Trump has pushed a far more ambitious agenda, and one that is as conservative as Obama’s was progressive. He apparently had every intention of using the pen-and-phone model bequeathed by Obama to do it any way possible.
But more importantly, Trump’s lidless eyes never sleep. He is a 24/7 force of nature. No controversy is too trivial, too silly, too irrelevant to escape his Twitter commentary. Or rather Trump believes he is an existential war with the media, celebrities, elites of all sorts and the general status quo, or what we might call the American progressive project and its elite coastal architects.
Trump senses that the more he offends them, and the more so they pronounce him a dunce, a nut, a boor, a criminal, an ogre, then all the more they reveal what many had suspected about them but had no hard evidence to substantiate those suspicions. Trump believes his checkered social life is now transparent and serves as a sort of armor when he jousts with the sober and judicious whose pretense of civility is ripped away leaving them hypocritical when they foam, swear, and damn the current president.
Media bias? The hatred for Trump manifests itself in 90 percent negative coverage, according to reputable media watchdogs.
Trump’s war with the Colin Kaepernick take-a-knee fad and the NBA-China nexus reminds us that hypocritical multimillionaires who grow rich throwing, catching, and bouncing balls are not by that fact to be looked up to as either moral or wise, but mostly remain clueless and hypocritical.
The bipartisan Washington establishment?

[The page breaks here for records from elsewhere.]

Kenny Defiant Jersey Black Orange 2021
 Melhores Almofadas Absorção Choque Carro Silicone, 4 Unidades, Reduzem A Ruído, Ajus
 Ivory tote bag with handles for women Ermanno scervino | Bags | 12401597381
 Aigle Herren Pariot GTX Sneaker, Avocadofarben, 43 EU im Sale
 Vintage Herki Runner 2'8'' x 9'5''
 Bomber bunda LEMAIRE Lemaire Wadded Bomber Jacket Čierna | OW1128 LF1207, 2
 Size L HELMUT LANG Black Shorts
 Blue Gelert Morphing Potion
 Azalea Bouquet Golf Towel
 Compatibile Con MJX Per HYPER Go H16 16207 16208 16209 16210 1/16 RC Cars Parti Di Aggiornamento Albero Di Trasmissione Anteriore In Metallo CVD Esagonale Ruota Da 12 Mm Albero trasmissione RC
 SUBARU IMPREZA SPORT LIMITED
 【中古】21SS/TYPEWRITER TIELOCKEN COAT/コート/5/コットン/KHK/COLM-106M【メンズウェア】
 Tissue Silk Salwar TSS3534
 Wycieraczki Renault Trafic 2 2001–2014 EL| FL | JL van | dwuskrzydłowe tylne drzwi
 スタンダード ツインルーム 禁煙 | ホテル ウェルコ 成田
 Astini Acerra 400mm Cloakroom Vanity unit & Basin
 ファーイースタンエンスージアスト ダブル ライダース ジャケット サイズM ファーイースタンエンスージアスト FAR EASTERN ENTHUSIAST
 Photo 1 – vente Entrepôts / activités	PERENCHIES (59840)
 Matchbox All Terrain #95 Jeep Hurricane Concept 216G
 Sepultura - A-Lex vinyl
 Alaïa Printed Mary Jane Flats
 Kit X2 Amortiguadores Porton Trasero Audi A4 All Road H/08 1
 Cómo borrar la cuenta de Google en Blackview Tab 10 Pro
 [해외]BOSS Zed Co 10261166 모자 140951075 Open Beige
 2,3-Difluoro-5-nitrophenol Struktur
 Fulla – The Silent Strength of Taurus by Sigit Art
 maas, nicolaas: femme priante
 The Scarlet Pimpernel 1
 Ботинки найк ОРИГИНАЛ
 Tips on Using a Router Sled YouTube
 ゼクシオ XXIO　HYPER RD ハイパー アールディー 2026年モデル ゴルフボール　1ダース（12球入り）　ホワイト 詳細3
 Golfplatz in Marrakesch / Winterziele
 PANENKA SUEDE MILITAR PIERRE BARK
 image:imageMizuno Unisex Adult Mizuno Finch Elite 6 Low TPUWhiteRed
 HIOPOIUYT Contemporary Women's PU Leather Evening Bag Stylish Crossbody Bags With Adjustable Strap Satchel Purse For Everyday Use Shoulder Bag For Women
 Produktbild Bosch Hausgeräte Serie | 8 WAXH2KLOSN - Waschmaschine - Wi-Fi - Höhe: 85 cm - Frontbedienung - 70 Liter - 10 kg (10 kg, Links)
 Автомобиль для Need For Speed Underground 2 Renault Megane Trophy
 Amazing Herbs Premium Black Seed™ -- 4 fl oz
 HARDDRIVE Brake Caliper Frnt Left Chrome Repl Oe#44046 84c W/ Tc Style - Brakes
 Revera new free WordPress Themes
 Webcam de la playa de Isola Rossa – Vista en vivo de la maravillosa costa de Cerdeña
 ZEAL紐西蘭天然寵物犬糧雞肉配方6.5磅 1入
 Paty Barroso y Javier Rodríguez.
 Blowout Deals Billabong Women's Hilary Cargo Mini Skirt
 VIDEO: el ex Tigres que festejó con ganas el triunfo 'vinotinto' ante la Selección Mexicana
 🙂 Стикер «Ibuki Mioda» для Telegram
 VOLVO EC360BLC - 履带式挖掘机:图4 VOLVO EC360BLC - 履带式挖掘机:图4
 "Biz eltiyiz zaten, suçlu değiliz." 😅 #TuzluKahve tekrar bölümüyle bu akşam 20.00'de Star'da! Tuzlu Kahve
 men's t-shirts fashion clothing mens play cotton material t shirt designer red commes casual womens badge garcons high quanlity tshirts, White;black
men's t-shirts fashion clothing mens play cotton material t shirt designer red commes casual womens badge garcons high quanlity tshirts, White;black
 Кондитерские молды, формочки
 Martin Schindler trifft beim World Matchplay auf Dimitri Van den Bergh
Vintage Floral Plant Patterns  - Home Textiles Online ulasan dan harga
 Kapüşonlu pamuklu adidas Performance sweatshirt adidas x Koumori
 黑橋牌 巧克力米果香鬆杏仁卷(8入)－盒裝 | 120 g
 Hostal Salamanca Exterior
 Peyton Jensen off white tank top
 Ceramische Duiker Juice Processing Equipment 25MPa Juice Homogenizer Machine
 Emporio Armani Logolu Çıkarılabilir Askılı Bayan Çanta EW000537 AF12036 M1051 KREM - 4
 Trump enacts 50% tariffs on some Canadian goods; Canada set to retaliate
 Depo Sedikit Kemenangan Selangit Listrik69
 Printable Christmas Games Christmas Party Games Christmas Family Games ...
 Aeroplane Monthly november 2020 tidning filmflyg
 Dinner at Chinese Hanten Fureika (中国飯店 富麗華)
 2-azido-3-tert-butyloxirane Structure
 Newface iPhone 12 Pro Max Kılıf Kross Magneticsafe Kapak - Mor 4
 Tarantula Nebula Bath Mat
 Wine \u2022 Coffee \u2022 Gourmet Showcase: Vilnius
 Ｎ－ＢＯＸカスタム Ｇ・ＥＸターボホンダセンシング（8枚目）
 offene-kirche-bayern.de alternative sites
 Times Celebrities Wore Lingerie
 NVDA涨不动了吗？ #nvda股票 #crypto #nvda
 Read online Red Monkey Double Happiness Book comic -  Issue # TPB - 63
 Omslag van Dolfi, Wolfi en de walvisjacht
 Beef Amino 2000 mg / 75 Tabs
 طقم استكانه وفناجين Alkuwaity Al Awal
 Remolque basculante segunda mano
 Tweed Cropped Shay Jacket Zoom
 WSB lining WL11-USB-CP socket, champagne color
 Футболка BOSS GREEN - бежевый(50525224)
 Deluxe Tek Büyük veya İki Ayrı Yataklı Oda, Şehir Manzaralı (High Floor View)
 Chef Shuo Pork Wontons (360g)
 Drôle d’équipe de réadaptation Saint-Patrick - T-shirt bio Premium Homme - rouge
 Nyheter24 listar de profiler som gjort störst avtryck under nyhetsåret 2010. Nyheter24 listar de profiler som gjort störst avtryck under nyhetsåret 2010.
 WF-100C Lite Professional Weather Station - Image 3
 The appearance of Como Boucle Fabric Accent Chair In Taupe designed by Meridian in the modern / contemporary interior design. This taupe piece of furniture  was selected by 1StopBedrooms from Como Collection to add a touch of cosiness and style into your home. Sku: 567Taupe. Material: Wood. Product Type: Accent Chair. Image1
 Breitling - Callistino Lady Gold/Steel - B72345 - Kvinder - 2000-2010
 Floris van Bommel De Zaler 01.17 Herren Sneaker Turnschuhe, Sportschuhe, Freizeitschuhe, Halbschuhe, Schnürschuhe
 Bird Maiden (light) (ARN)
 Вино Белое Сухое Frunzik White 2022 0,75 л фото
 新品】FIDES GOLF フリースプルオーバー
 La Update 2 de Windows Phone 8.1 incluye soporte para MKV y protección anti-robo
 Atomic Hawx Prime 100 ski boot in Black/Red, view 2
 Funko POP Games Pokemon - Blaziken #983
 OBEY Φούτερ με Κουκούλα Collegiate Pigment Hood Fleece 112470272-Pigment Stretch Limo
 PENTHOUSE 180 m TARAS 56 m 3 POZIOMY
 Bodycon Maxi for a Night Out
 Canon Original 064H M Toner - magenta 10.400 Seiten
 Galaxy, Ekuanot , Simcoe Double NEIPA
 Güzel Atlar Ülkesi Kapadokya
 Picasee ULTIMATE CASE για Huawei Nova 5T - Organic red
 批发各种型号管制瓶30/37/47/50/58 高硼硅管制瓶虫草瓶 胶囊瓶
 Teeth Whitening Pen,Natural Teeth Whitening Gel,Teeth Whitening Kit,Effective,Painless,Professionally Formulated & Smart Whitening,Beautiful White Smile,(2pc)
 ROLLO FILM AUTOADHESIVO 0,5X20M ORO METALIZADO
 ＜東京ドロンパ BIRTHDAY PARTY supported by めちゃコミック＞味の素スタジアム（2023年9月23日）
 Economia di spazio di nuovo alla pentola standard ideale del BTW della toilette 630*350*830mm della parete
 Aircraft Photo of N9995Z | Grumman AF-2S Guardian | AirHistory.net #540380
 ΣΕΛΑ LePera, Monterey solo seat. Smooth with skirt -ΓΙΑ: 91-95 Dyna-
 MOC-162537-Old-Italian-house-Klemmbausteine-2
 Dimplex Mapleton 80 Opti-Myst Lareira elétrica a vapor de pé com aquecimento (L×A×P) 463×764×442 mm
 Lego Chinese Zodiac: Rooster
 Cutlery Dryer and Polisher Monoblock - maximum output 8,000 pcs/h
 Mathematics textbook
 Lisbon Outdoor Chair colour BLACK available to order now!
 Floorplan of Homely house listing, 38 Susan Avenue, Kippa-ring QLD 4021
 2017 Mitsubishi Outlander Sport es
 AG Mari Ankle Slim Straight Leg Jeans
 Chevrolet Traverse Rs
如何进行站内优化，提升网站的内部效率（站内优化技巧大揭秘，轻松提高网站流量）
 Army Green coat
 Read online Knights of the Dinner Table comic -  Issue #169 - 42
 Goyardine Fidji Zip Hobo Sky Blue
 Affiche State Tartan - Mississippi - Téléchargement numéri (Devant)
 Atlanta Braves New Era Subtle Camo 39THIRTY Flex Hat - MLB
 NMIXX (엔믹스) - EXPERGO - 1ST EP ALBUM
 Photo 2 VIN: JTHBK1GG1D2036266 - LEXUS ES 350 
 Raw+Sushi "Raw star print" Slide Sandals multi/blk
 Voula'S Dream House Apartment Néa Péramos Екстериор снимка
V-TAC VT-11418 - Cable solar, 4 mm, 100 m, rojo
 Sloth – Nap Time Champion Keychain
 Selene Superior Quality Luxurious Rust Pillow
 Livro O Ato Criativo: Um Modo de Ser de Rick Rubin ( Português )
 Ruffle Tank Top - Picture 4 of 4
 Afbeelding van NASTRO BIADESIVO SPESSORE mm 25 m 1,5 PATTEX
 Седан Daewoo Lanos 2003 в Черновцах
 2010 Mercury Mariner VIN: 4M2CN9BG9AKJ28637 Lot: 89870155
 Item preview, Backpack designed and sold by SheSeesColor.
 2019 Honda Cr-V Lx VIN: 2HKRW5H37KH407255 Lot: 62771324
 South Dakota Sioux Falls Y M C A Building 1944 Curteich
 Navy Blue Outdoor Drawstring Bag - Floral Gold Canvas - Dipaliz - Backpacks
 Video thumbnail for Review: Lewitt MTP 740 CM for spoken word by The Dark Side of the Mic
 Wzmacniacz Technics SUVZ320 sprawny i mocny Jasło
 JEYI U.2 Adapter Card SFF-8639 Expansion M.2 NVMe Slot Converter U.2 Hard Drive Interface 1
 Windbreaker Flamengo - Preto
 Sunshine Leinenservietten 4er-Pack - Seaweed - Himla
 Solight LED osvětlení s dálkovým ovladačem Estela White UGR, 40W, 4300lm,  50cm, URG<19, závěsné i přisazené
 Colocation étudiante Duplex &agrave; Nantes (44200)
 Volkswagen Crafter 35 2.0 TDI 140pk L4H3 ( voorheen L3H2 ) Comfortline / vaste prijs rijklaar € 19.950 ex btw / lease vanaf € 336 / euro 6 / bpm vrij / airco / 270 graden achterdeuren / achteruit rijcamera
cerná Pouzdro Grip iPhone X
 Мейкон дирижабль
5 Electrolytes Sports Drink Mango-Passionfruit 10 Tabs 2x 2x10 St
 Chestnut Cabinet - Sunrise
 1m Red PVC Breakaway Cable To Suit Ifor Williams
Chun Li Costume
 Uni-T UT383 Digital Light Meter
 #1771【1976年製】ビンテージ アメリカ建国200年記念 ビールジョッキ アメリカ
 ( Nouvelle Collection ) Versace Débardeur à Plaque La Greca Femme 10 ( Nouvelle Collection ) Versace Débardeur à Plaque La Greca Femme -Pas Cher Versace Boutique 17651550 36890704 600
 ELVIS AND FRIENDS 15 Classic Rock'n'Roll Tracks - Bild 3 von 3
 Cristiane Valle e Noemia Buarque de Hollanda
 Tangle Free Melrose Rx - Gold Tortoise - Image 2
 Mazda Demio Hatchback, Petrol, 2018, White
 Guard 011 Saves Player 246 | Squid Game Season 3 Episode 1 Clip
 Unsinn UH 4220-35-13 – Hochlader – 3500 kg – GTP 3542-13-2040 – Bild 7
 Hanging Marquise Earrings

If an outsider Manhattan wheeler-dealer without military or political experience can at last call an appeased China to account, can avoid a Libyan fiasco, can acknowledge that America is tired of a 18-year slog in Afghanistan when others would not, or believes ISIS thrived as a result of prior arcane restrictive U.S. rules of engagement—and he is proven largely right—then what does that say about the credentialed experts who dreamed up the bipartisan conventional wisdom that with a few more concessions China would eventually become Palo Alto or that Libya would bloom at the heart of the Arab Spring?
The Left detests Trump for a lot of reasons besides winning the 2016 election and aborting the progressive project. But mostly they hate his guts because he is trying and often succeeding to restore a conservative America at a time when his opponents thought that the mere idea was not just impossible but unhinged.
And that is absolutely unforgivable.